Mit der Zeit war Ibn Zuhr mit Hais Fortschritten in der Kunst des Aderlasses zufrieden und erlaubte ihm, diese ab und zu an seinem Vater zu erproben, um ihn von den dickflüssigen Blutsäften zu befreien, die ihm die schmerzhafte Entzündung seiner Gelenke verursachten. Dabei bemerkten sowohl Da'ud, der Patient, als auch Sari, die als helfender Engel immer in der Nähe war, daß ihr Sohn eine Begabung besaß, die ihn unter allen anderen Ärzten, die sie kannten, hervorhob.

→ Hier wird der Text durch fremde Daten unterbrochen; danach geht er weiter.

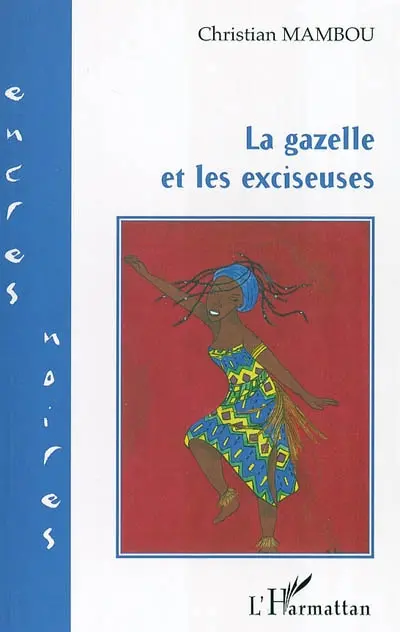 La gazelle et les exciseuses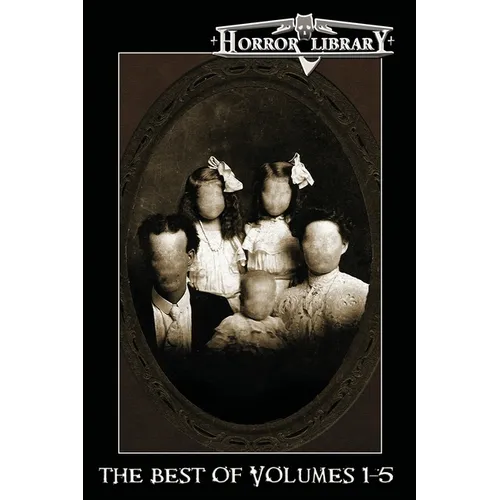 The Best of Horror Library: Volumes 1-5 - Paperback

Da'ud war sich nicht sicher, ob nicht vielleicht väterlicher Stolz ihn blind machte, und brachte das Thema bei seinem verehrten Lehrmeister zur Sprache, als er ihm aus Anlaß des großen moslemischen Festes Id il-Fitr als Vertreter der jüdischen Gemeinde einen Besuch abstattete.

»Ja«, bestätigte ihm der alte Lehrmeister, »dein Sohn ist mit einer außergewöhnlichen Begabung gesegnet, deren Zeugen sowohl ich als auch meine Studenten im Hospital bereits wurden. Es reicht aus, daß er seinen mitleidigen Blick auf einem Menschen ruhen läßt, für dessen Leiden wir kein Heilmittel kennen, es reicht, daß er eine schwache, fiebernde Hand in die seine nimmt, und schon kehrt Leben und Hoffnung in Augen zurück, die bereits fast erloschen waren. Wäre ich nicht ein Mann der strengen Wissenschaft, ich wäre versucht zu glauben, daß ein lebenspendender Strom von seinem Auge und seiner Hand in die Menschen überfließt. Schon allein sein Talent für die Diagnose und sein umfassendes Gedächtnis für Heilverfahren und Medikamente läßt ihn als einen der brillantesten Studenten herausragen, den ich je hatte. Wenn er sich trotz der ungeheuer vielen menschlichen Leiden, die zu heilen auch er außerstande sein wird, diese seltene und kostbare Gabe bewahrt, diese Fähigkeit, seinen Patienten ein Gefühl des Wohlbefindens und Vertrauens einzuflößen, ihnen die Prüfung des nahenden Todes zu erleichtern, dann wird aus ihm ein Arzt von ganz besonderem Rang.«

»Euer Lob ist überwältigend.«

»Ich spreche nur die Wahrheit. Ich bin zu alt, um mich mit Schmeicheleien abzugeben, wie das die Herren bei Hofe für nötig erachten.«

»Ich danke Euch, Meister. Möge Gott Euch noch viele Jahre gesund am Leben erhalten.«

An jenem Abend, als Hai auf Da'uds schmerzenden Knie mit leichter Hand den Umschlag auflegte, den er eigens für ihn zubereitet hatte, wußte sein Vater, daß die Linderung, die er verspürte, von dem tiefen Mitgefühl, das von seinem Sohn zu ihm strömte, ebenso ausging wie von den Heilkräutern. In Hais Augen leuchtete eine Wärme, die von seinem Verständnis für jegliche Form menschlichen Leidens zeugte und von dem leidenschaftlichen Wunsch, es zu lindern.